Celebrity is a fact of political life, in fact, it is a vital part of modern politics, and politicians should do much more to be effective as celebrities. That seemed to be the conclusion of our panel debate where journalists, politicos and a psychotherapist embraced a world where the Cheeky Girls are more recognised than Gordon Brown. They also seemed positively enthusastic about the way the Internet is making celebrities of us all.
Former New Labour apparatchik-turned-psychotherapist Derek Draper was the most completely enamoured with the idea of celebrity as politics. He dismissed Tony Blair as a ‘fantasist’ but said that someone like Gordon Brown has to sell himself as a personality. The key is to make sure that your celebrity image is based on reality rather than the psychological equivalent of a dodgy dossier. So Gordon has to show us that he is dull and intelligent – and that might be just what we want from a Prime Minister. But why is the modern voter hooked by celebrity rather than policy? Derek thinks it’s down to our repressed cave man heritage.
Draper says that we all want to live in the kind of communities we enjoyed in our tribal past but our 21st century lifestyle can only be lived in a virtual village made up of celebrity friends. We can never get to know all the policies but we can get to know politicians as characters: “If you believe in people power than you have to believe in the celebritisation of politics”.
Interestingly, the rest of the panel agreed with this, albeit from different perpectives. Guardian writer and Goldsmith’s media academic Angela Phillips pointed out that politicians’ main problem is that they are ‘crap celebrities’. Generally, they aren’t very good at competing for public attention with all those other celebs out there. But she also had a warning for those polliticians who have achieved celebrity status:
“The private is now political. Men in power can’t hide their private lives. But they should be warned that those who live as celebrities can die as celebrities. Look at what has happened to Nicholas Sarkozy.”

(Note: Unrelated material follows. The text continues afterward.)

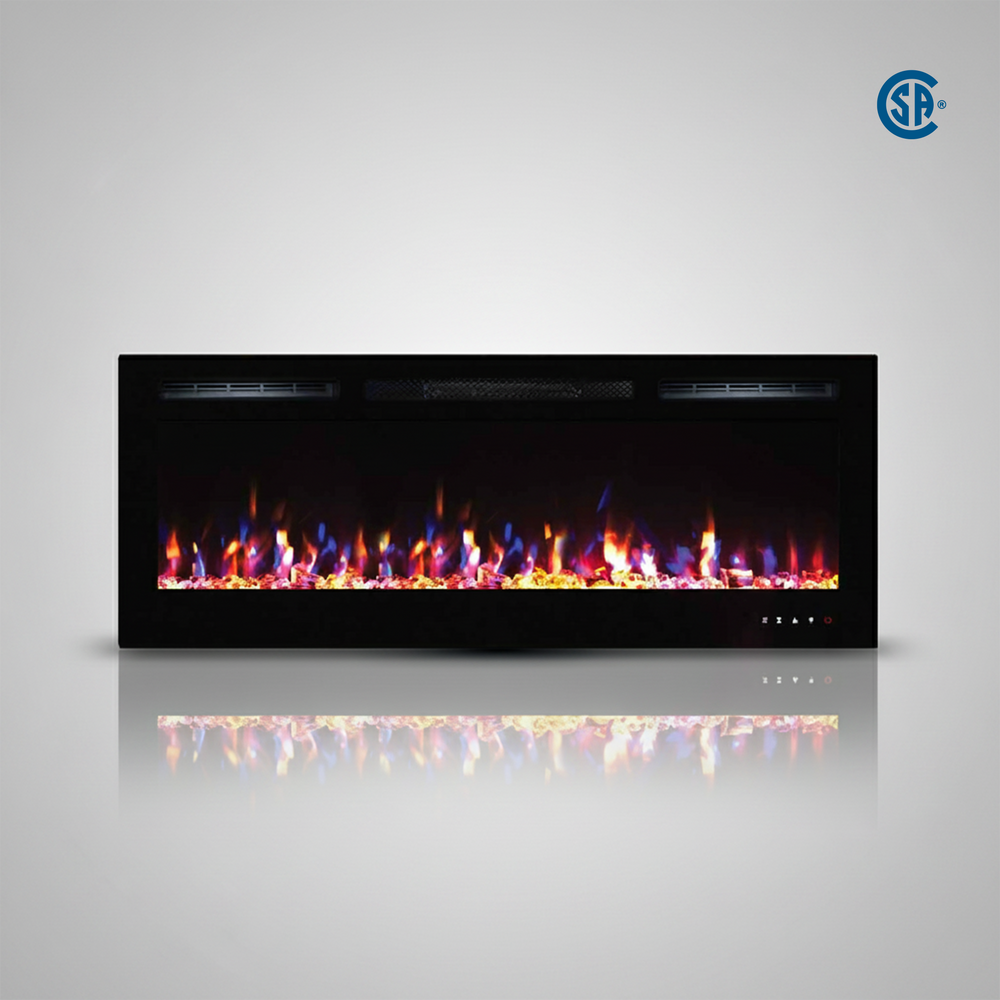 LEDFP-50 50" wall mounted, recessed electric fireplace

Perhaps that is why Lib Dem MP Lembit Opik was somewhat ambivalent about his celebrity status. He agreed that his personal relationships with women who have celebrity status gave him access to public interest. But he was frustrated that his work on issues such as fox hunting and Ireland were so less exciting to the media than his liasion with a Cheeky Girl. He even suggested that newspapers should be forced by regualation to carry a proportion of editorial ‘roughage’ along with all the celebrity fodder. He also objected that in the celebrity soap opera that is modern political journalism, politicians are portrayed as pantomime villains:
“the zeitgeist of the media is to be negative, and superficial reporting shows us as more ignoble than the rest of the public when in fact MPs are more noble overall than the general population”.
That left Kevin McGuire, associate editor at the Mirror newspaper to insist that celebrity is a fact of life for all news media. Even the Economist and Financial Times carry endless profiles of business leaders. He said that in there amongst the celebity coverage was still plenty of hard news. He pointed out that some celebrities such as George Clooney on Darfur or Jamie Oliver on school dinners have had more impact on politics than individual politicians. In the end character matters because that is what determines a good politician, not their detailed policy statements.

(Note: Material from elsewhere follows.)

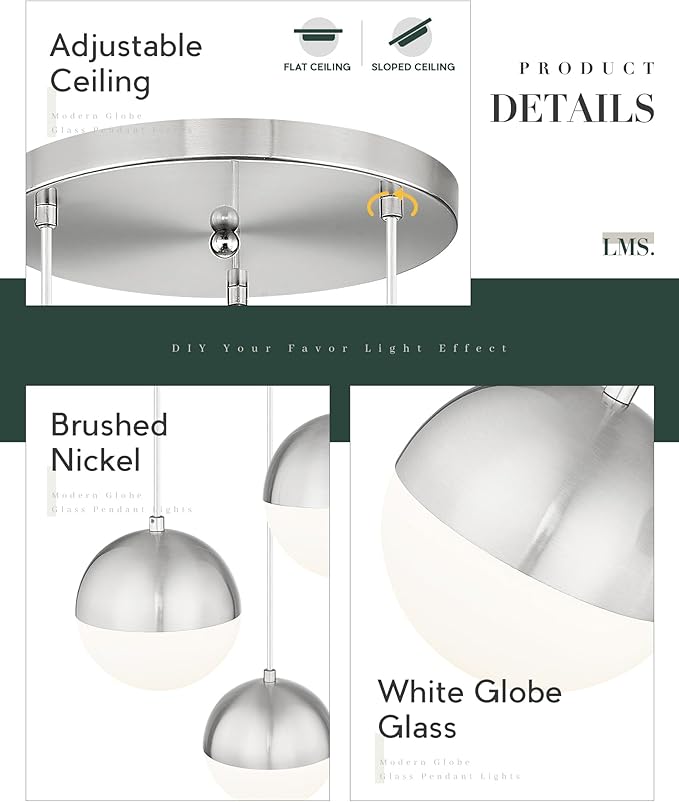 LMS Modern Brushed Nickel 3-Light Cluster Pendant Lights, Mid Century Pendant - Image 3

So what should the politician do to compete with the other celebs? Draper called on them to try harder to force their ideas in to the world of Big Brother and Hello!:
“The politicians must come up with the images and narratives to feed the celebrity-driven media. Or else, the media will fill the space with negative human interest stories about politicians. You have to fill the vacuum”.

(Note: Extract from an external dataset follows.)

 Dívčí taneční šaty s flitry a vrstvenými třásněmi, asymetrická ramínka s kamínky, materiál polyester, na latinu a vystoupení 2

Our debate chairman Stephan Shakespeare of YouGov was suprised at how relaxed our speakers were about the idea of a celebrity-swamped political and media culture. There are a few voices such as John Lloyd who still talk about the dangers of dumbing down. But I think this may be partly because politicians and media folk are sophisticated consumers of debate and data. They can enjoy serious journals as well as cheeky personality clashes on popular TV. Perhaps they are right to think that the voter can do so as well.
I certainly agree that our political discourse is moving towards a more personal and emotionally intelligent set of values. I also think that new media will accelerate that process. It offers us almost infinite opportunities to mash-up our individual and private lives with the public sphere. But as ‘celebrity’ becomes the medium in which ideas swim, we need to define much more accurately what exactly it means.
[Thanks to Polis intern Danielle Priestley for producing this event]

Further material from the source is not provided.